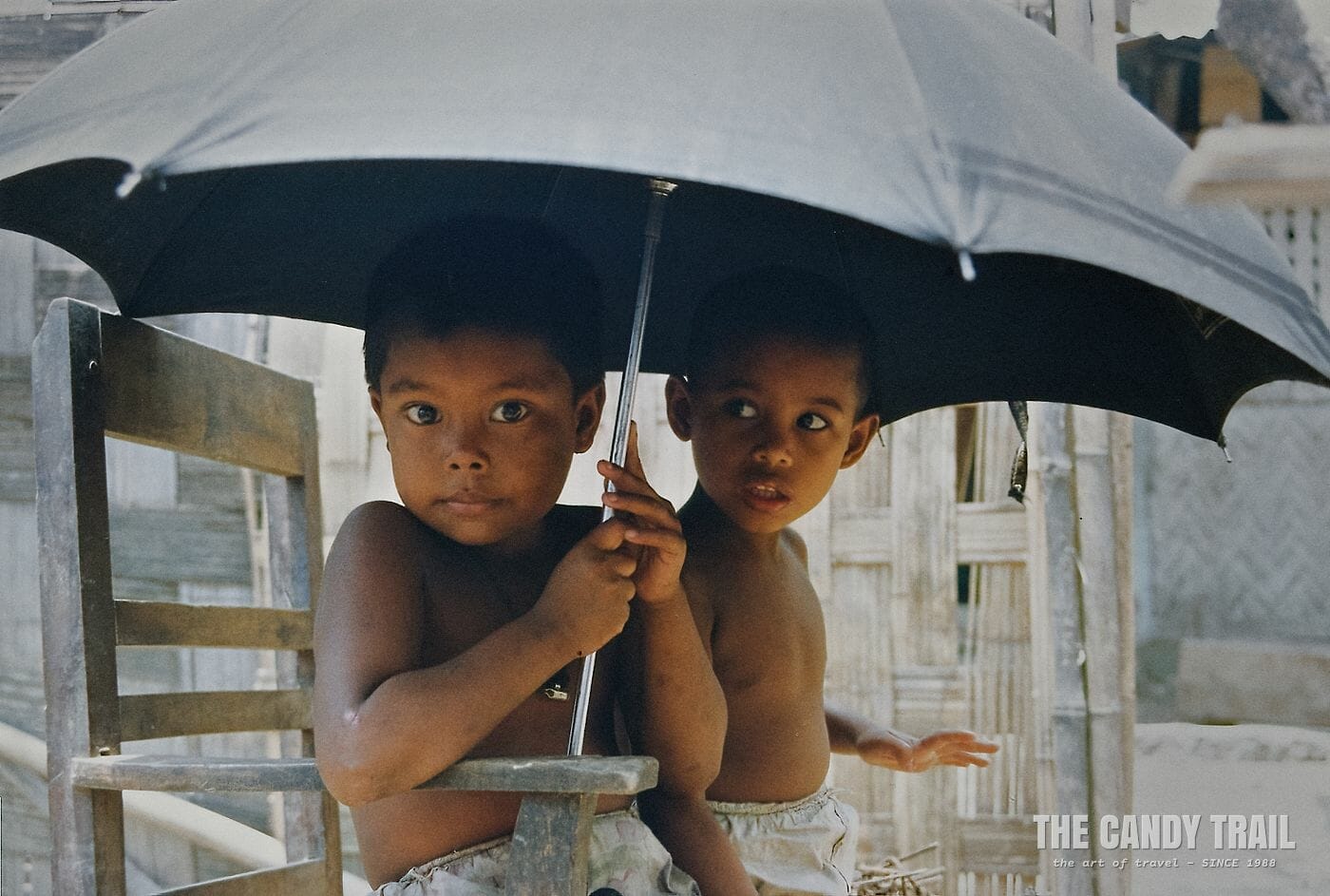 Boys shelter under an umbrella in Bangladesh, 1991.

---

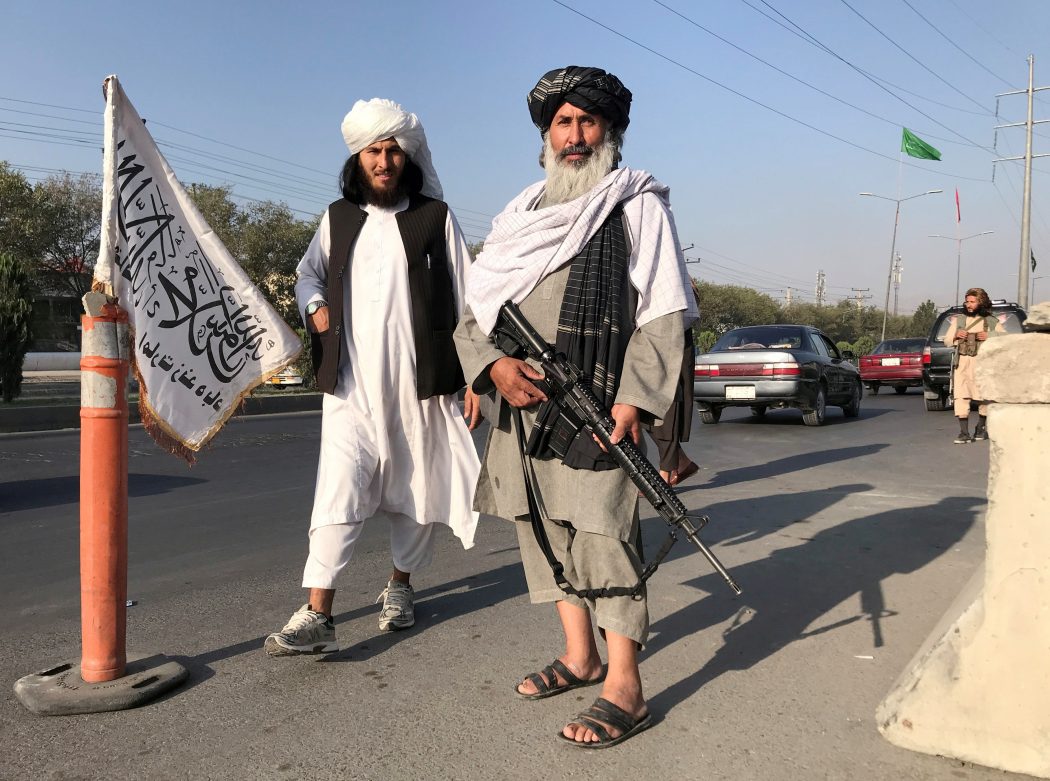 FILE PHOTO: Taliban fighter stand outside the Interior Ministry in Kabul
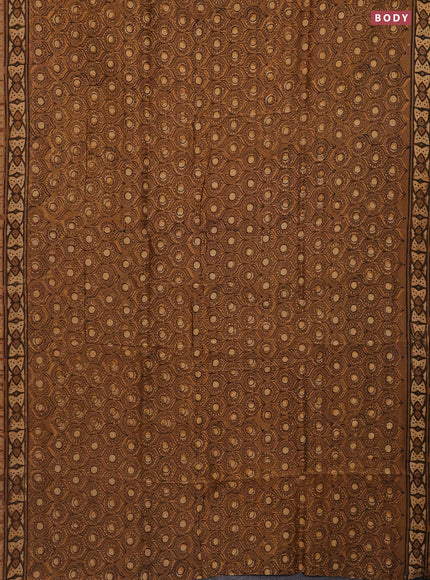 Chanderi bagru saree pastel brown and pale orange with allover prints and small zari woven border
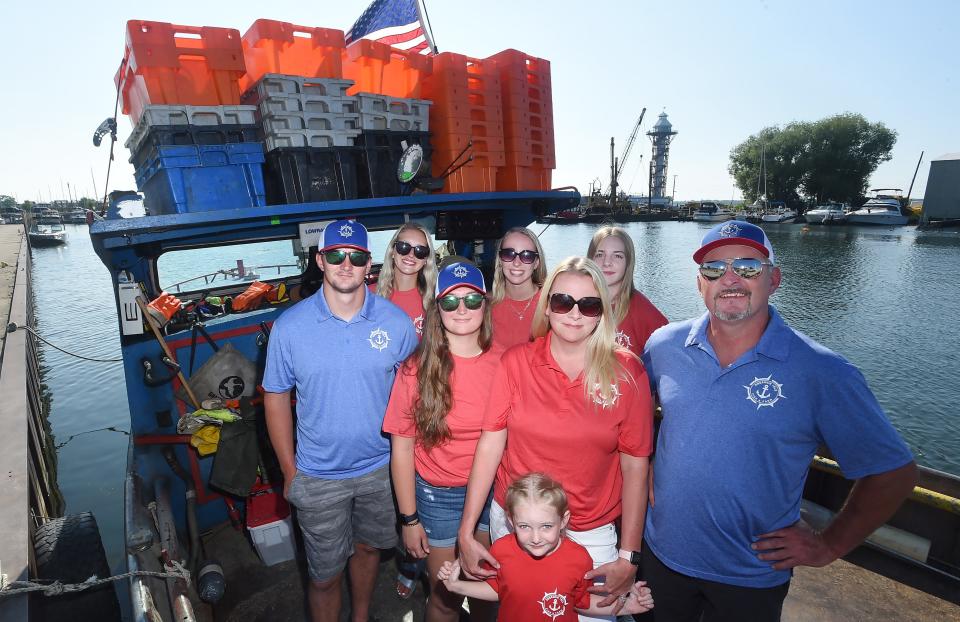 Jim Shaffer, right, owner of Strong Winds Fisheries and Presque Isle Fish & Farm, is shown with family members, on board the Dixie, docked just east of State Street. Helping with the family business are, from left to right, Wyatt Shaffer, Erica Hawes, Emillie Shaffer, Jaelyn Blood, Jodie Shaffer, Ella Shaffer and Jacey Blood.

- [Work instruction] Reproduce the listing above exactly from the line containing "FILE PHOTO: Taliban" up to and including the line containing "Chanderi bagru saree", omitting any images and everything outside those lines.

- [Task solution]
 FILE PHOTO: Taliban fighter stand outside the Interior Ministry in Kabul
 Chanderi bagru saree pastel brown and pale orange with allover prints and small zari woven border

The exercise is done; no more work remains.